Las Casas appare qui come un'anima candida, che altro non conosce se non la legge di Dio, in lotta contro un mondo di disonesti che fanno della parola di Dio uno strumento di dominio. Se però cosi fosse, apparirebbe quantomeno utopico l'atteggiamento di Carlo V, alla fine, contro ogni senso dello Stato, darà ragione a Las Casas, «folle di Dio». Restando a un livello astratto, senza storicizzare, l'unico succo che si può trarre dalla storia è un succo pacifista: il cristianesimo è contro la guerra, perciò il cristiano non può fare la guerra, e chi fa la guerra non è cristiano. Se si storicizza, si recupera il ruolo originale della Chiesa in una vicenda drammatica come la conquista del Nuovo Mondo, si operano dei distinguo necessari, soprattutto oggi che si vuole eliminare il cristianesimo dalla faccia dell'Europa, e si coglie la vera essenza del problema, che è la seguente: uno Stato non è libero se non riconosce al suo interno la piena libertà della Chiesa. A San Miniato abbiamo assistito a uno spettacolo consolatorio, che ricorda gli sceneggiati della tv di Bernabei, con un Las Casas (Franco Graziosi) troppo esile e disincarnato e con troppe discussioni sui massimi sistemi. Non dico che non ci fossero dei pregi: lascenografia di Darnele Spisa, per esempio, con un'impalcatura che sosteneva uno schermo e diventava, a seconda di quanto vi era proiettato, nave, chiostro o reggia. Sugli attori non c'è da ridire, anche perché si conosce la difficoltà di recitare in questo tipo di spettacolo. Allo stesso modo, al regista Giovanni Maria Tenti si può imputare una certa corrività, anche se l'aver condotto tutto lo spettacolo nei binari di un'assoluta semplicità e comprensibilità va suo onore - grazie anche all'esemplare chiarezza della versione di Mussapi, un po' rigida solo nei dialoghi della prima parte.
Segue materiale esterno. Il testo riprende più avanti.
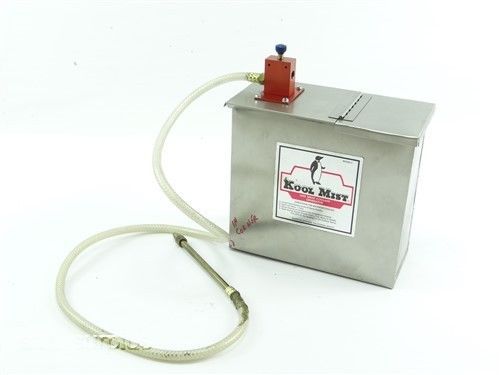 Kool mist spray coolant generator for sale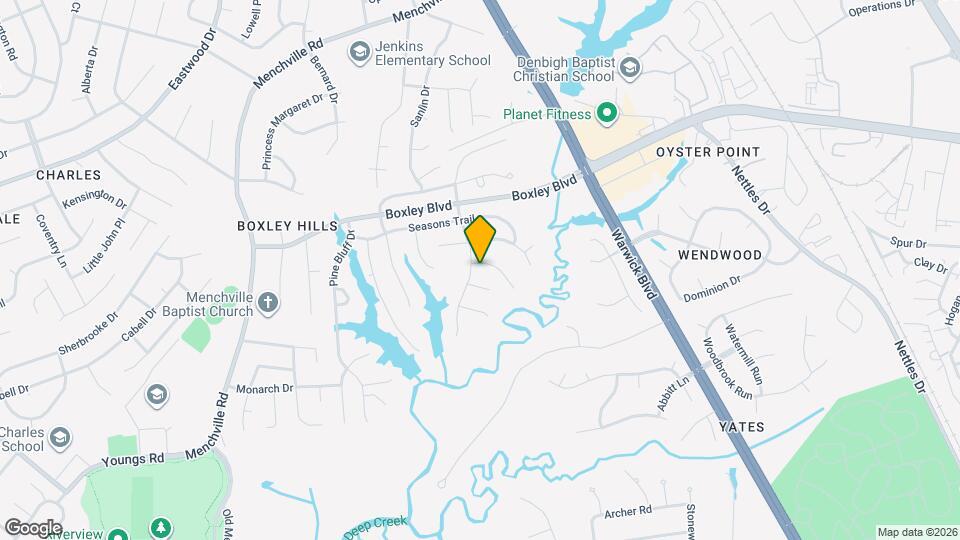 236 Huntstree Pl Map and Location Details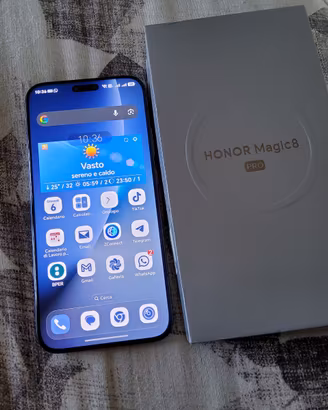HONOR MAGIC 8 PRO PARI AL NUOVO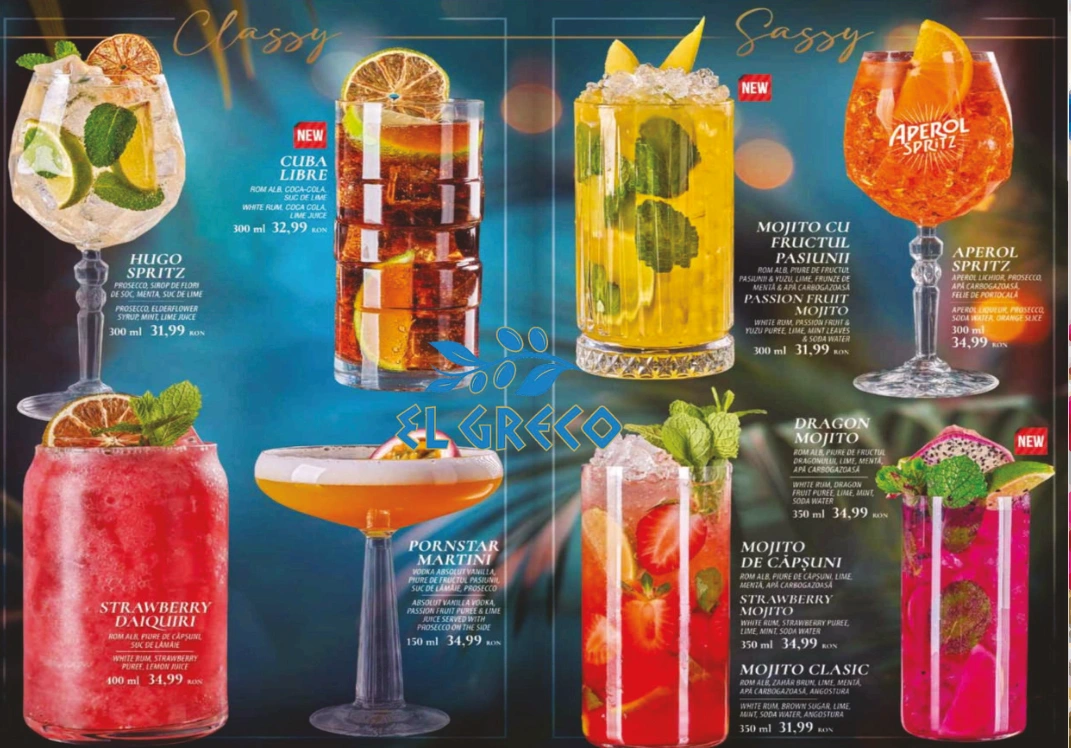 Cocktails & aperitifs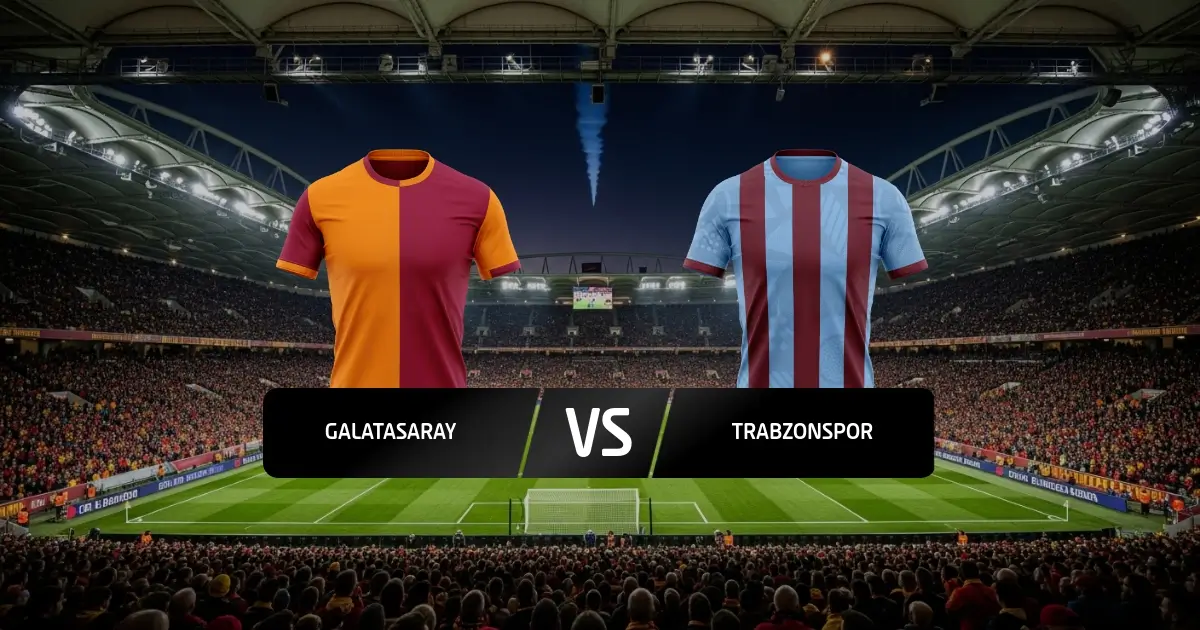 Galatasaray - Trabzonspor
E' sul tipo di spettacolo che ho da ridire: sempre più ritirato in sé, sempre meno spregiudicato, sempre meno voglioso di porre una parola forte e originale dentro il mondo, sempre meno capace di vera provocazione, capace, al massimo, di accodarsi a posizioni note e poste da altri. Non è questo il teatro che desideriamo vedere a San Miniato. A San Miniato vogliamo vedere non un teatro del passato, ma un teatro del 2003 per gli uomini del 2003.